As part of this leadership camp, students also develop their leadership skills by practicing public speaking, time management, team work, and listening to career/educational development and college/scholarship preparation workshops. Students have daily allocated homework time and they receive one on one tutoring and mentoring by role models who relate to them. Forest Service and other agency staff who work at Camp Smokey serve as daily career speakers with the goal of encouraging careers in natural resources. Students learn invaluable skills that will help them achieve their future goals, while making many new friends and building memories that last a lifetime.
Native American Fish and Wildlife Society Regional Conference
The IGG will prepare and participate in the NAFWS Regional Conference. Students will prepare a presentation on a management practice they implemented during the calendar year, and make a presentation, reporting on the activity at the 3-day regional conference. The quality of their presentation may solicit a presentation and attendance at the NAFWS National Conference or the National Congress of American Indians (NCLI) annual conference. Their attendance and participation at this event is not only for educational purposes, but to encourage and empower the future leaders of tomorrow. These events will expose them to leaders and role models. During the event, these mentors educate students about the importance of embracing their heritage, while at the same time encouraging higher education. Students receive information on how to apply, finance, and succeed in college; all while learning to celebrate and embrace their heritage.

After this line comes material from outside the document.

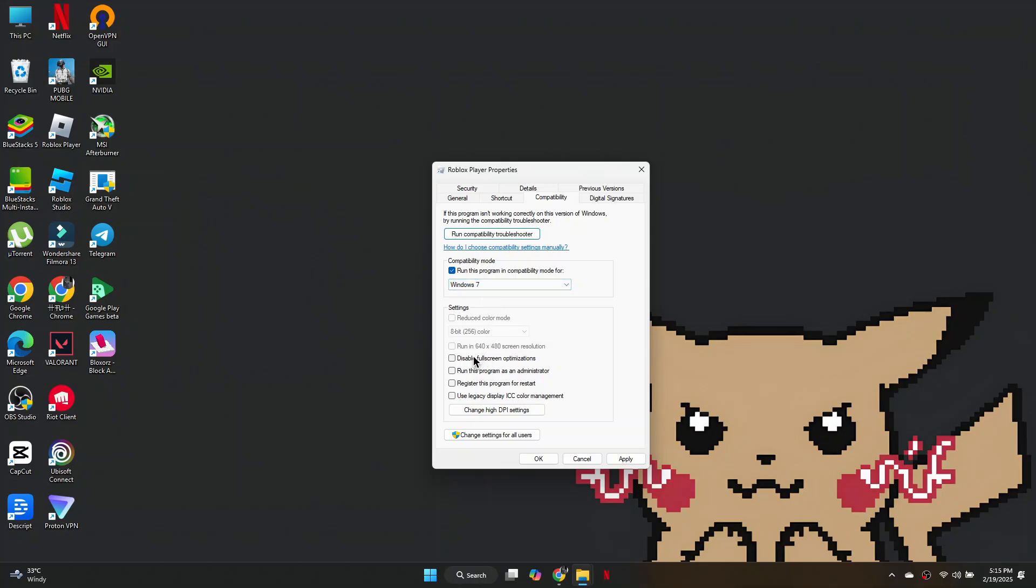Next, check Disable full-screen optimizations, and run this program as an administrator. Click Apply and OK, then try launching Roblox.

Indigenous Generation Green Summer Crews
For several years, the Sovereign Nations Service Corps has organized summer crews to work on Mescalero Tribal lands and on the Mescalero Tribal Fish Hatchery. With the help of federal partners, we will train and organize IGG work crews to improve forested lands through projects such as watershed restoration, restoring recreational sites, and removing noxious weeds. The Forest Service has made these partnerships possible, as Forest Service Supervisors. Forest Service Districts and provide support for project monitoring, materials and supplies, and supervising staff. The IGG works with partners to apply for grants, organize the crews, and mentor the students through workshops and leadership opportunities.

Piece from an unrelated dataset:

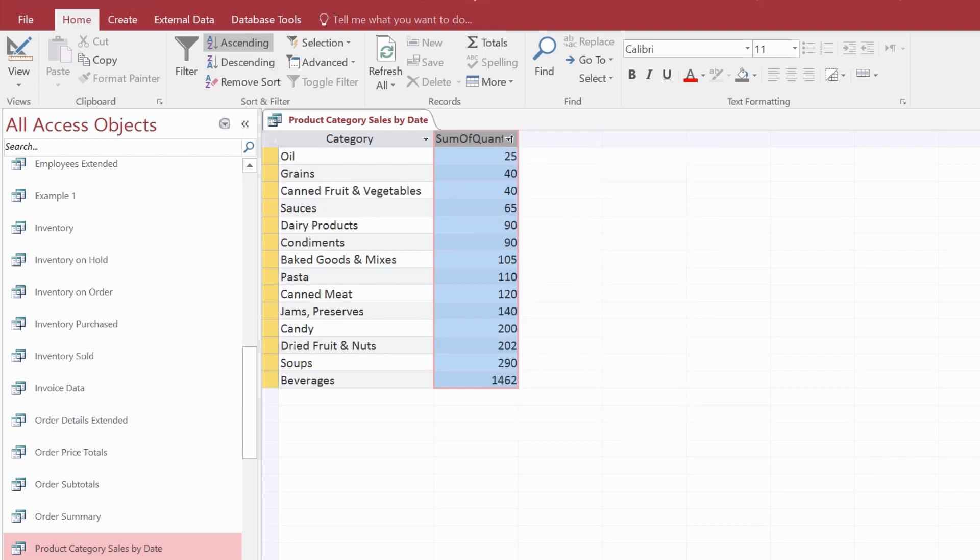Now you've created a Select Query by using the Query Designer. You know how to select your data source and criteria and also how to run and fine-tune your query results.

Ongoing Service Learning Projects
Indigenous Generation Green (IGG) students are dedicated to caring for the land and serving their community. They meet these goals through service learning projects like Tularosa Creek Discovery Trail Project. During the school year, the IGG will be organized into teams and will undertake service learning activities. On weekends and/or school short days students will undertake the creation, repair, and maintenance of the Tularosa Creek project or other projects as defined by the students. Students will volunteer to clean and develop chosen areas for parks and gardens. This project is truly a team effort, as the student’s families and other community members will often join in the work. Projects like this instill the importance and value of community service, while helping students improve their leadership skills.